#### Problem description
Copy the data below exactly, but not the pictures it contains.
═══ Records for this exercise
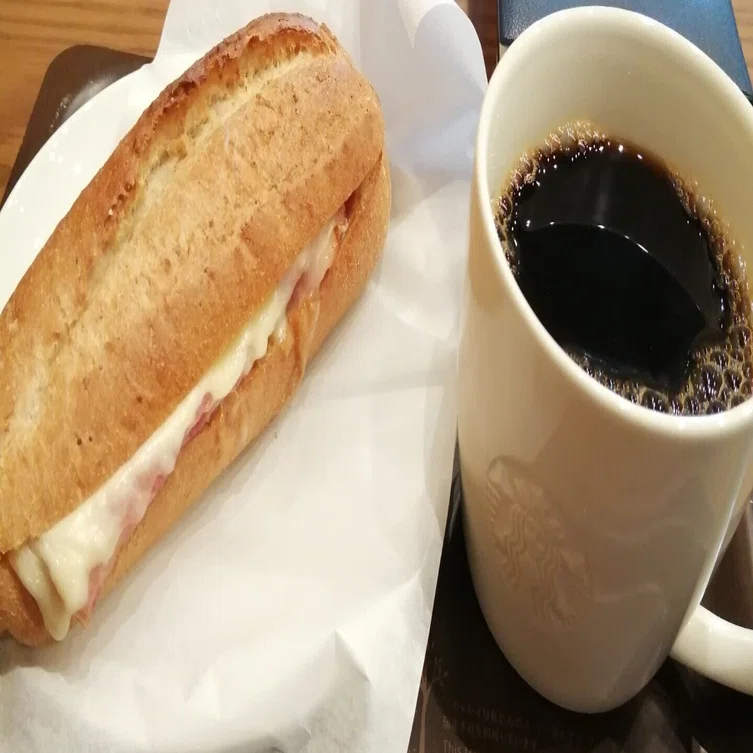 スタバ】ハム&マリボーチーズ石窯フィローネ食べてみた｜fuyu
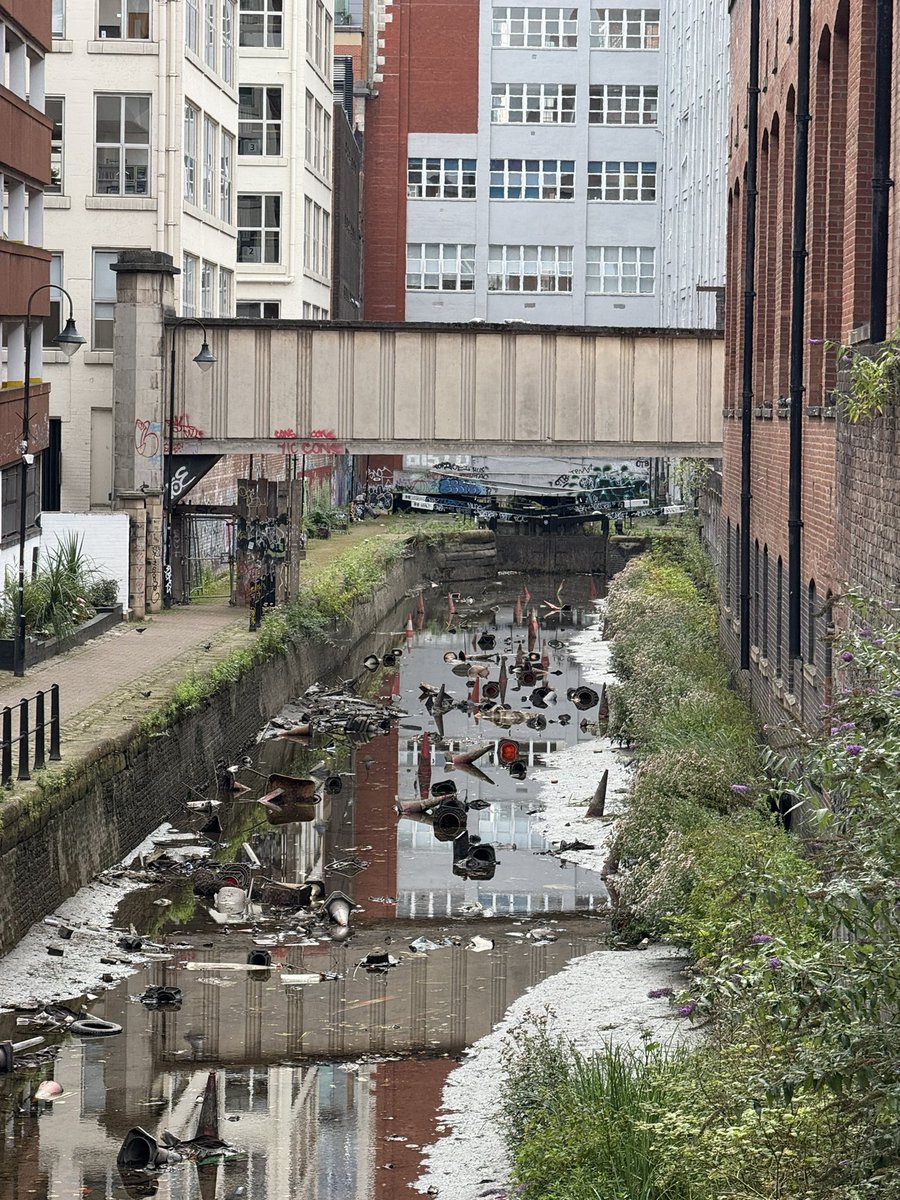 FixMCR's tweet photo. @ManCityCouncil @AndyBurnhamGM #FixMCR https://t.co/CJRWaGqiRE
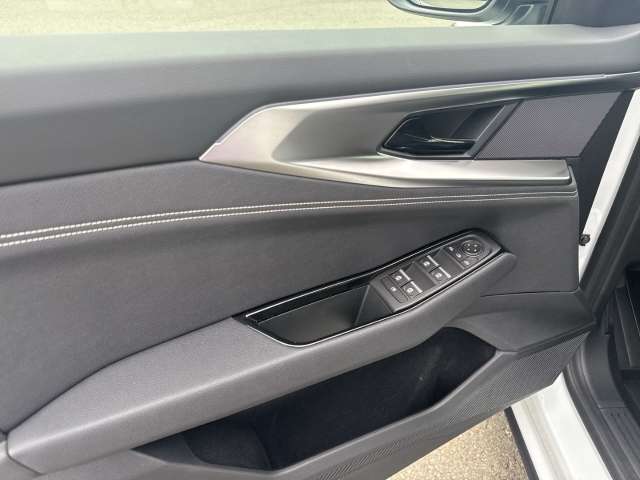Fahrzeugbild eines Renault Rafale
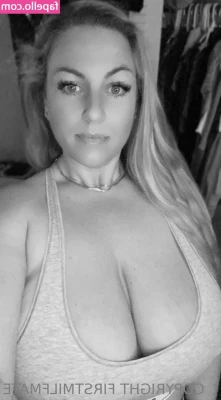 firstmilfmate - Long Satin Glove Creamy Cum 10 Minutes Long -Enjoy My OnlyfansWatch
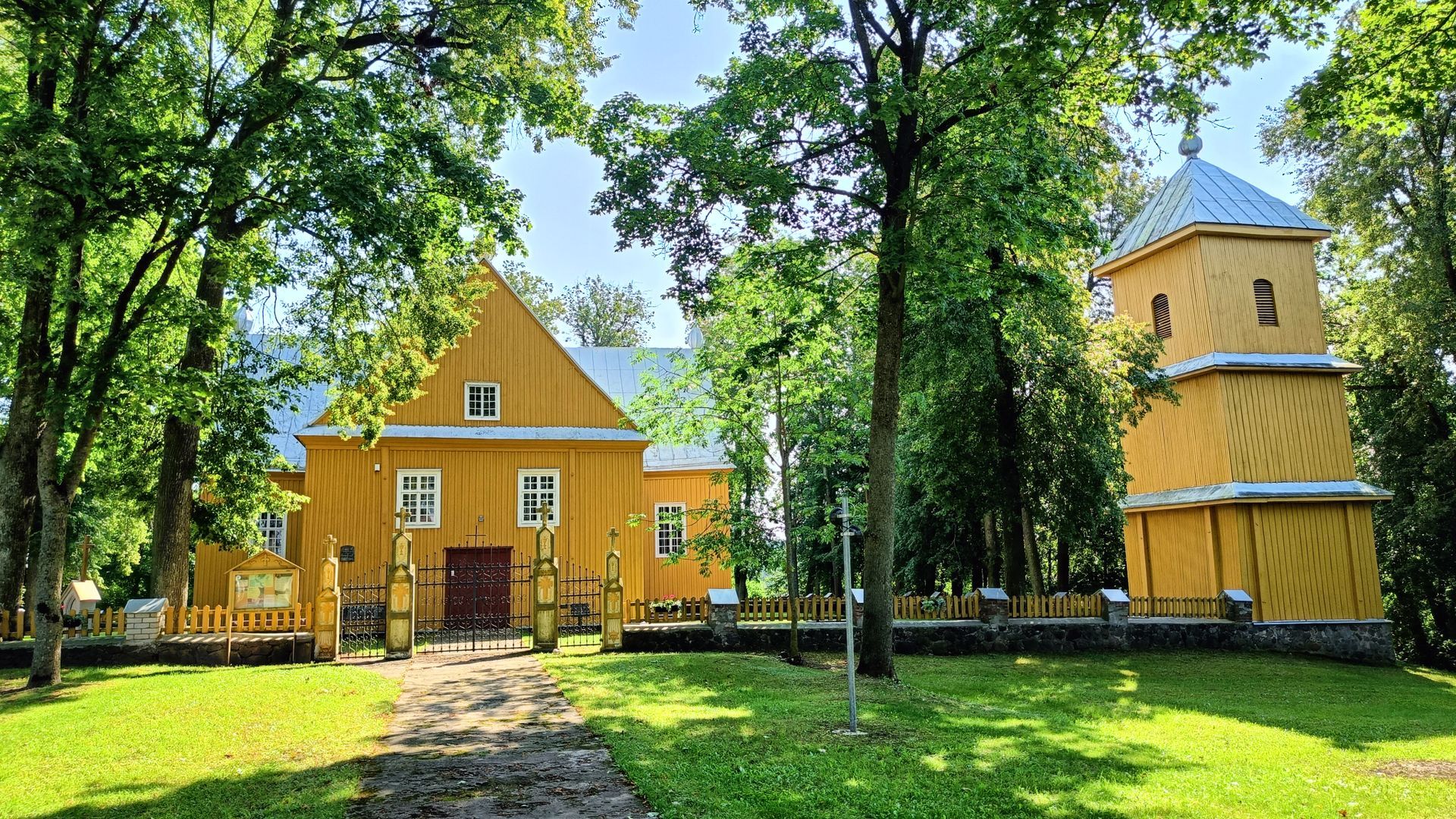 Surviliškis Church of the Crucified Jesus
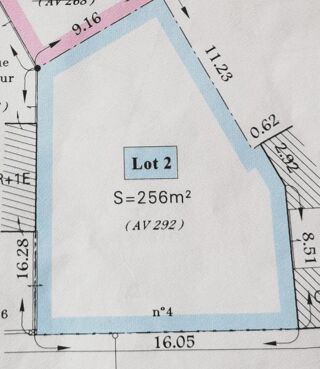  Terrain à vendre 256 m²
══════
#### Answer box
 スタバ】ハム&マリボーチーズ石窯フィローネ食べてみた｜fuyu
 FixMCR's tweet photo. @ManCityCouncil @AndyBurnhamGM #FixMCR https://t.co/CJRWaGqiRE
Fahrzeugbild eines Renault Rafale
 firstmilfmate - Long Satin Glove Creamy Cum 10 Minutes Long -Enjoy My OnlyfansWatch
 Surviliškis Church of the Crucified Jesus
  Terrain à vendre 256 m²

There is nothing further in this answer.